We wandered to 3 different corners of it looking at the giant screens for our train number. The easiest way to think of it is like an airport and you have to look for your gate. Once you find your waiting room/”gate” you wait until about 30 minutes before departure when you “check in” and queue to go out to the platform. Once we managed to find our actual room and go through security, it was pretty easy and locating our seats was a cinch as well. We were at the front of a cabin which was nice for leg room, but bad as we hardly had any window.
First High Speed train ride!!!


The train ride took 5.5 hours with a few stops but overall the train traveled at 300 km/hour or 187 mph. I mostly read my book, played with my camera, and people watched to pass the time. Once we arrived at our destination, HuangshanBei (north) we got off like normal and started looking for the bus to the scenic area Tangkou (which is the town right before entering the park’s gate) There were NO signs at all in English besides a “welcome to Huangshan” and tourist information sign. We found what looked like the bus area and translated signs that appeared to say “scenic area” but went to the information center to verify. Well they spoke no English either and just sort of pointed in that direction when we asked for Tangkou. So we went back out there and boarded the first bus that pulled up. I asked the driver “Tangkou?” but he was distracted and I don’t think he understood what I was really asking but he nodded so we paid him and found our seats.

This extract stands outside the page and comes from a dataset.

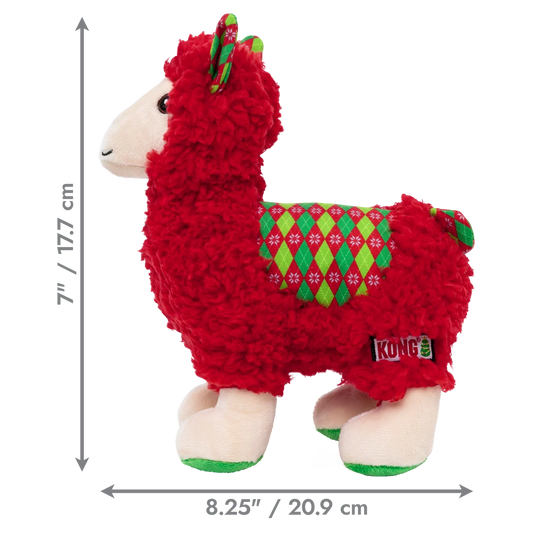KONG Holiday Sherps Llama Red Medium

Selfie on the mysterious bus not sure where we were going….
WELL I should’ve been suspicious when the fare was only 2 rmb/ person but as we watched our progress on google maps it became apparent after 30 minutes and turning the wrong direction onto the main highway that we were headed into Huangshan town instead of North to the scenic area. We waited until we were close to the main train station in town (thinking there would be buses from there), to get off with a short 10 minute walk from the stop we got off at. Well, it was SO hot and while it wasn’t a long walk, by the time we got to the train station I had already sweat buckets. The station was fairly deserted with no buses but had a sign in English at least that said “to Scenic area”. After no buses came for a while we walked into the station to ask about it where a little old woman told us (in chinese) repeatedly “tomorrow” (as we LATER found out) and lead us to her backwater hotel behind the station. I had a feeling that she was trying to talk us into staying the night there but hadn’t realized yet that she had meant there would be NO BUSES until tomorrow! Once we used a translator and found that out we wandered back out front of the train station and hope started to disappear, replaced by pure frustration. HOW WERE WE SUPPOSED TO GET TO OUR HOTEL? At this point we wanted to take a taxi but had no idea how to call for one (their uber is DIDI and is only in Chinese)
Thankfully a taxi driver stopped to drop people off at the station and we asked if he could take us which he could! Hurrah and he had a wonderfully air-conditioned car to take us there in. Driving to Tangkou took just around an hour and it was much cooler and rainier up at the town. We tipped our driver 20 RMB on top of the 200 fare because really.. he saved the day and after only an extra 1.5 hours of being lost in Huangshan and another 1 hour taxi ride, we made it to our destination!
Check in was a breeze and our hotel for the night was really lovely. We both took quick showers and changed before heading down to look for food. The restaurant looked pretty good so we decided to just eat there and boy we were glad we did. This was hands down the best meal of our entire trip. Braden got a sweet & sour pork and I ordered a more regional beef stew as well as a sort of appetizer bread that comes with a stuffing. Our meal started with a traditional green tea (we didn’t order it, they just bring it to you first before you order any drinks or food) And then it all pretty much came at once. Braden’s pork was fantastic! Perfect taste, texture, everything. And my stew was right about there as well! We also finally started to make a little progress with our chop sticks so that wasn’t as painful. Overall, we ate until we were completely stuffed and then headed out. I stopped at reception as the front desk girl said she would give us some tips for the mountain.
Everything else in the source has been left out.